Die Geschäftspraktiken von Amazon, aber auch in der Paket- und Versandhandelbranche insgesamt, sind zum Teil inakzeptabel. Für mich und meine Fraktion steht daher die Verbesserung der Arbeitsbedingungen der Beschäftigten im Vordergrund. Arbeitsminister Hubertus Heil hat in diesem Sinne Vorschläge zur Nachunternehmerhaftung unterbreitet, die die großen Paketdienste in die Verantwortung nehmen würde. Zugleich unterstütze ich die Aktivitäten der Gewerkschaft Ver.di an den Amazon Standorten ausdrücklich. Nur mit einem starken Betriebsrat und guten Tarifverträgen werden wir dauerhaft bessere Bedingungen erreichen. Die Weigerung Amazons, den Tarifvertrag für Einzel- und Versandhandel statt dem der Logistikbranche anzuwenden bedeutet die Arbeitnehmer den Unterschied zwischen 9,65€ und 11,94€ Stundenlohn. Auch zur Stärkung der Gewerkschaften und der Erhöhung der Tarifbindung – die aktuell nur noch 50% beträgt - hat das Arbeitsministerium bereits Vorschläge erarbeitet (https://www.bmas.de/DE/Presse/Interviews/2018/2018-12-14-stuttgarter-zeitung.html). Das Problem fehlender betrieblicher Mitbestimmung und abnehmender Tarifbindung betrifft dabei im Übrigen viele „neue Branchen“, gerade im Dienstleistungsbereich und ist nicht auf den Versandhandel beschränkt. Wir benötigen daher auch – wo möglich – branchenübergreifende Lösungen. Es liegt nun an der Union, sich diesen Verbesserungen nicht länger zu versperren.
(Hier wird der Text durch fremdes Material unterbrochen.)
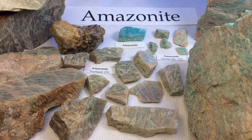Hi everyone, it's Melinda and today we're going to be looking at a jam-packed collection of my Amazonite. I actually have even more of these but couldn't fit them all into the frame — I just love them so much.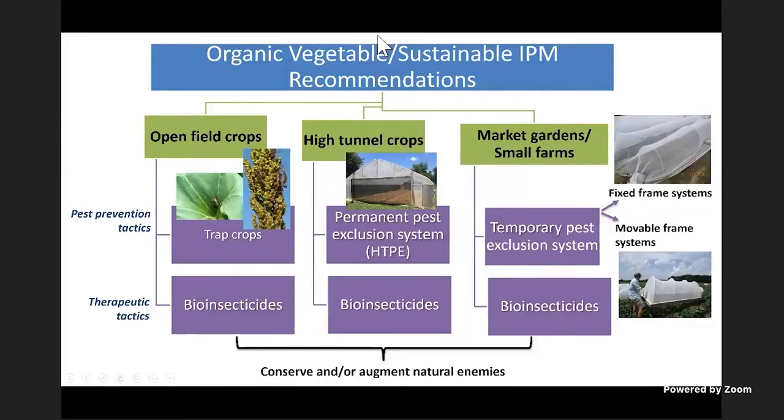When talking about control, this is how I segment the IPM plan. For an open-field crop, especially if you want to be organic, trap cropping is a really good way of getting leaffooted bugs and stink bugs away from your main crop. We are using Hubbard squash this year as a trap crop, though the rains have affected the quality of that crop because of disease.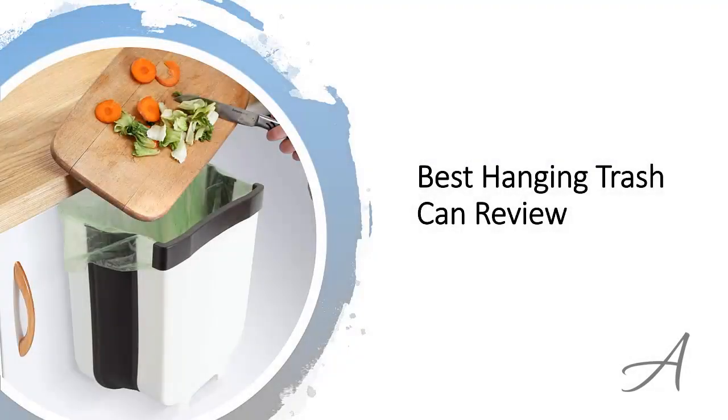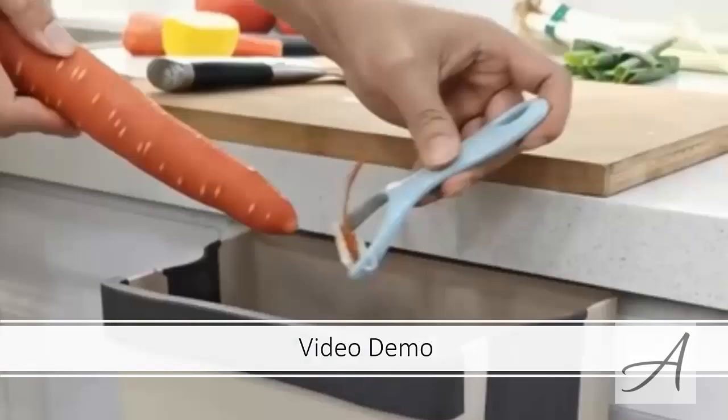Best Hanging Trash Can Review. In this video, we'll share with you one of the most popular garbage holders in the market that have been used by thousands of people who have given their stamp of approval. We'll share with you some of the features of what makes this hanging trash can so popular. Also in this video, you'll get to see a quick demo clip of how easy it is to set this up and start using it right away.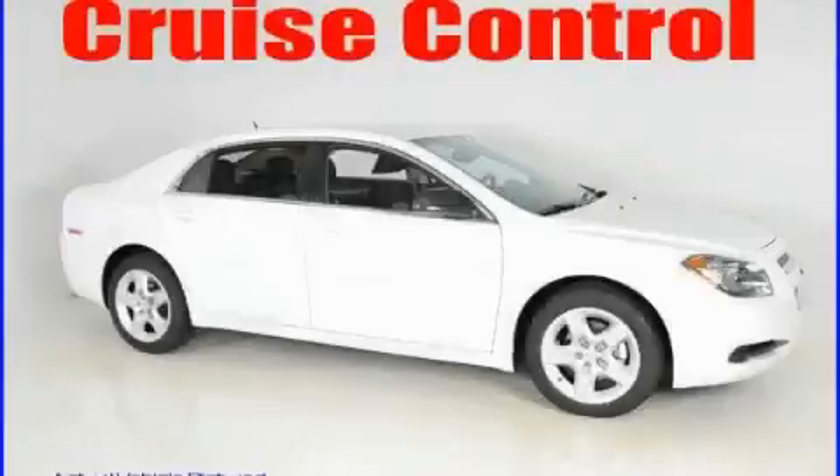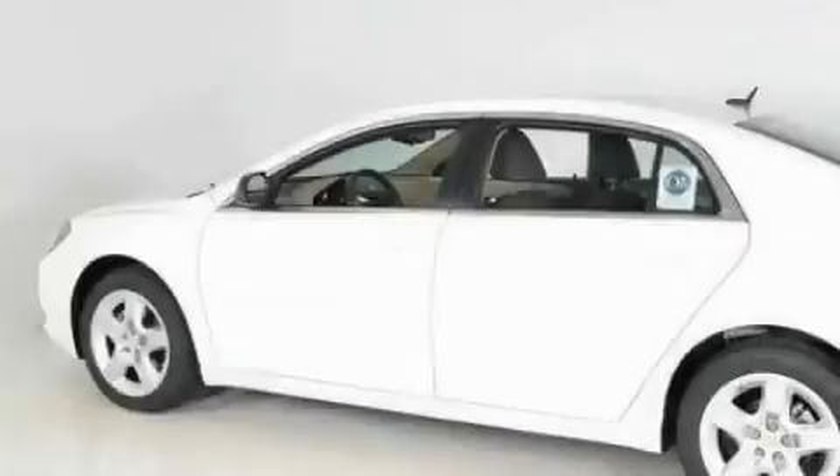This is a brand new 2010 Chevrolet Malibu. Great handling, great comfort, a great ride.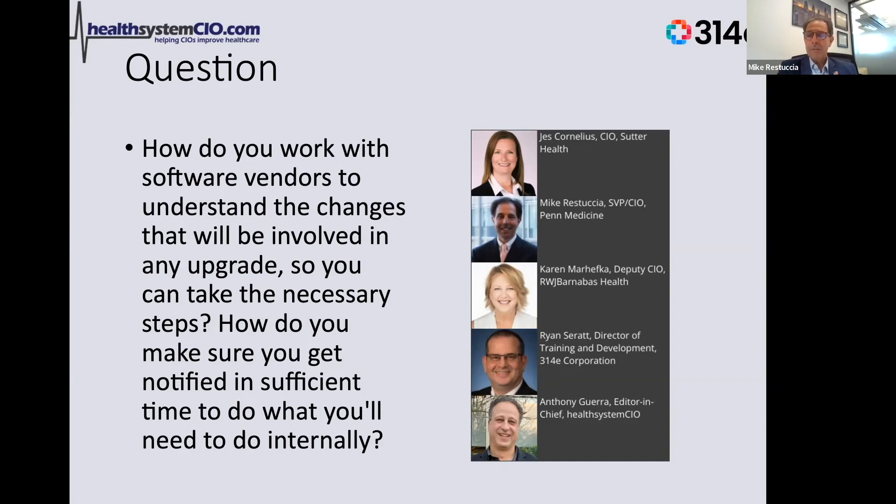Through our change control processes, we're aware of any upgrades or enhancements that are taking place. A check mark is always: is there training taking place and who's training on it? Normally it's the vendor in those instances. I look at our primary EHR and lab and other clinical revenue cycle type systems.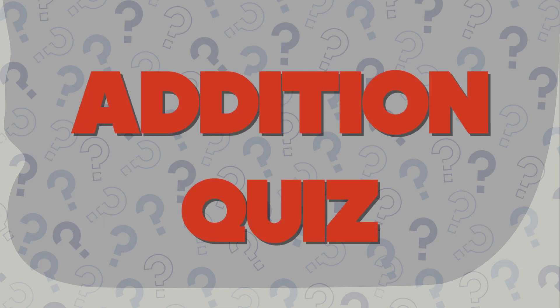Hi friends! Today we are going to play an addition quiz. Are you ready to test your math skills? Let's begin.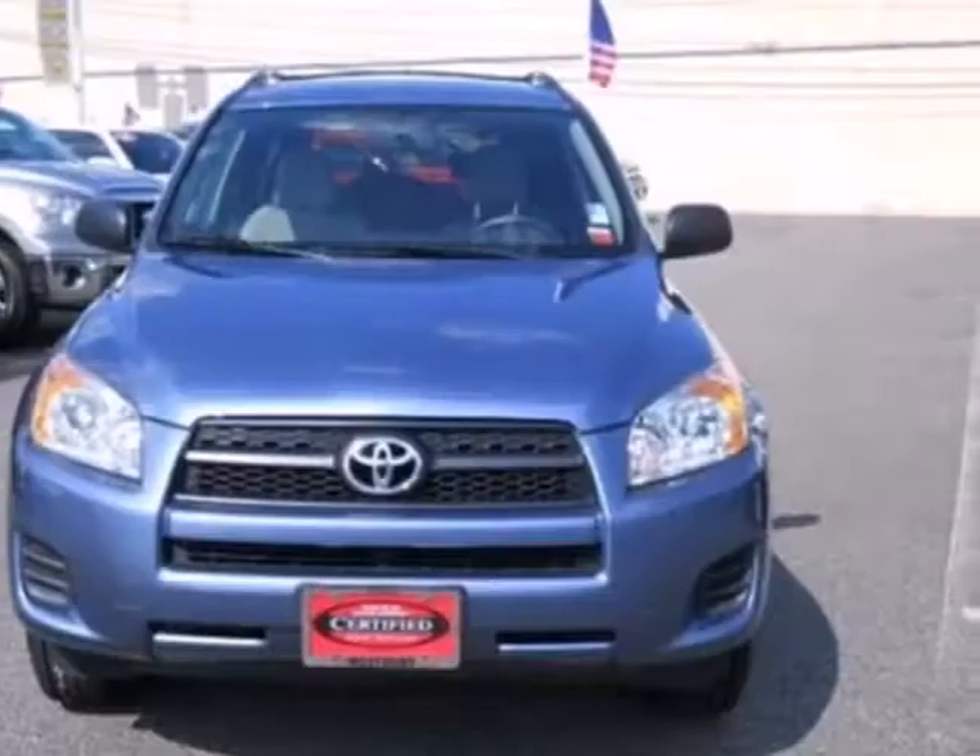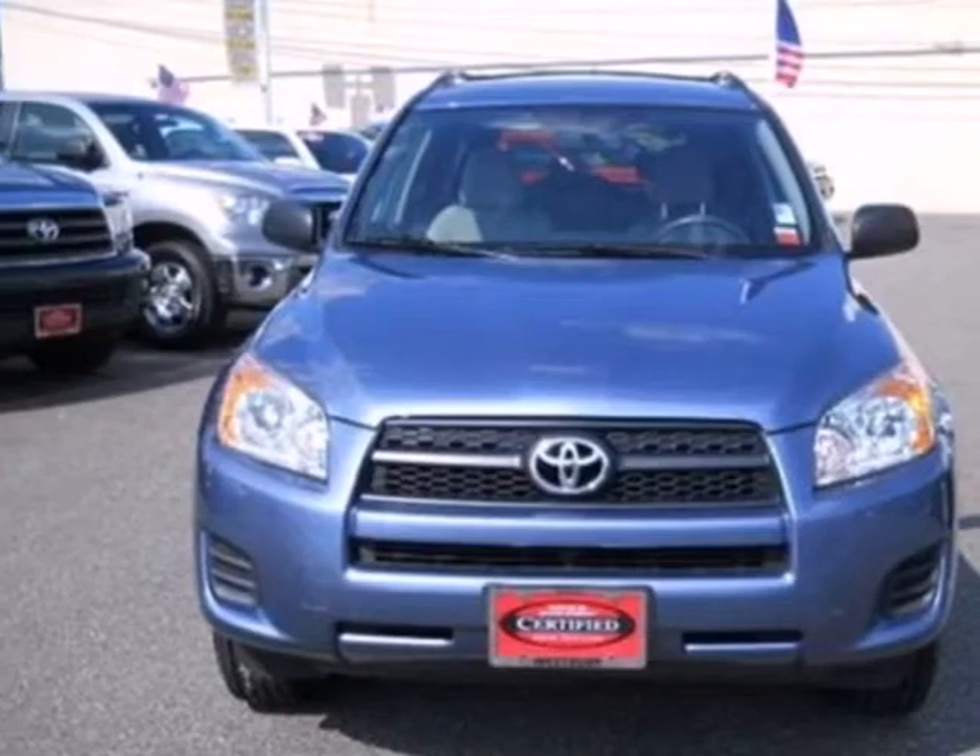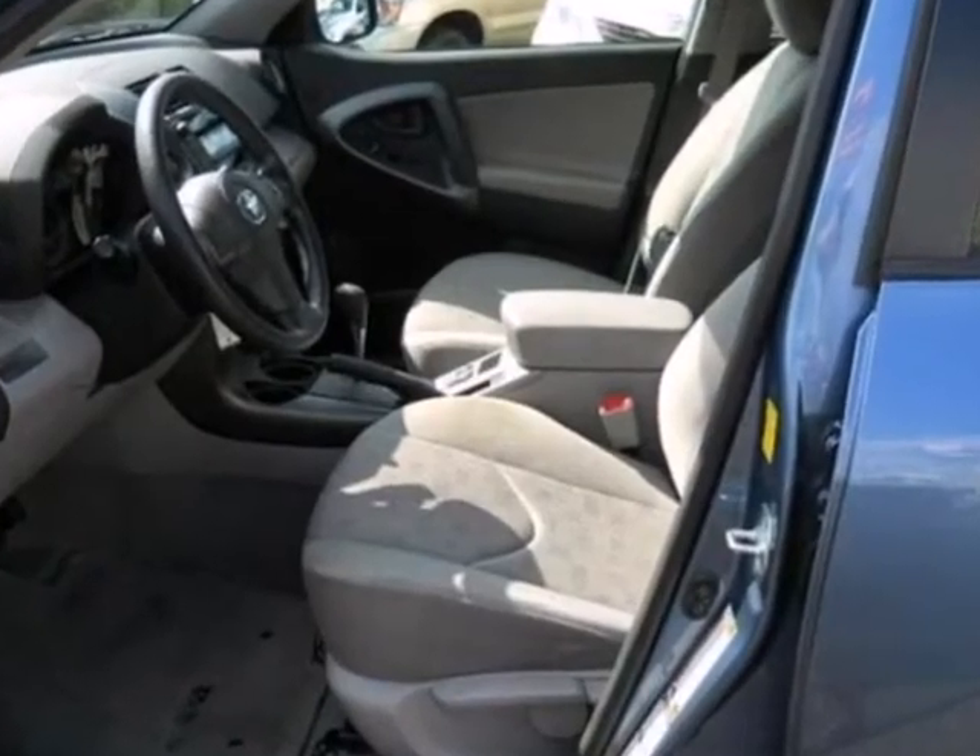Nimble handling, numerous special features and Toyota quality make this RAV4 an excellent choice. Test drive it today.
Bezüglich der Steuervermeidungspraktiken benötigen wir eine schnelle Einigung innerhalb der Europäischen Union. Die Einführung einer Digitalsteuer - im besten Fall auf Ebene der OECD-MItgliedsstaaten - und die Einführung einer "virtuellen Betriebsstätte", als Anpassung an die Realität der digitalen Wirtschaft sowie die Koordinierung von Mindeststeuersätzen müssen endlich umgesetzt werden. Die Anstrengungen der Europäischen Kommission, nachträglich entgangene Steuern einzufordern, sind zwar zu begrüßen, lösen die Ursache des Problems aber natürlich nur bedingt, indem der Konkurrenzkampf über immer niedrigere Steuern zwischen den EU-Mitgliedsstaaten nicht gelöst wird.

Die Marktmacht des Amazon-Konzerns ist in der Tat zu hoch. Eine schnelle Abhilfe gestaltet sich aber schwierig. Einen wichtigen Schritt zur Erhaltung des Buchmarktes haben wir im Dezember 2018 getan, als der Bundestag sich gegen die Vorschläge der Monopolkommission stellte, die Buchpreisbindung aufzuheben.

Verschwendung und Umweltverschmutzung sind leider kein Phänomen, das nur den Versandhandel betrifft. Es ist selbstverständlich eine unserer drängendsten Aufgaben, politische Vorgaben dort einzusetzen, wo privatwirtschaftliches Tun offensichtlich negative Auswirkungen auf Umwelt und Mensch hat. Ob ein Verbot der Vernichtung von neuwertiger Ware – wie beispielsweise von Greenpeace gefordert – allerdings praktikabel und zielführend ist, sollte erst entschieden werden, wenn die Anstrengungen der Versandhändler nicht ausreichen. Ich denke, eine Minimierung der Retouren und der Vernichtung neuwertiger Ware liegt auch im Eigeninteresse der Versandhändler selbst.

Zu guter Letzt halte ich trotz aller Kritik am Geschäftsmodell Amazons einen Boykott nicht für zielführend. Wir benötigen allgemeinverbindliche politische Lösungen, wie ich sie oben skizziert habe. Dies trägt vor allem dem Umstand Rechnung, dass die Missstände sich nun mal keinesfalls auf ein Unternehmen, sondern auf gesamte Branchen beziehen.

Ich hoffe, ihre Fragen hiermit zufriedenstellen beantwortet zu haben und stehe gerne für Rückfragen zur Verfügung.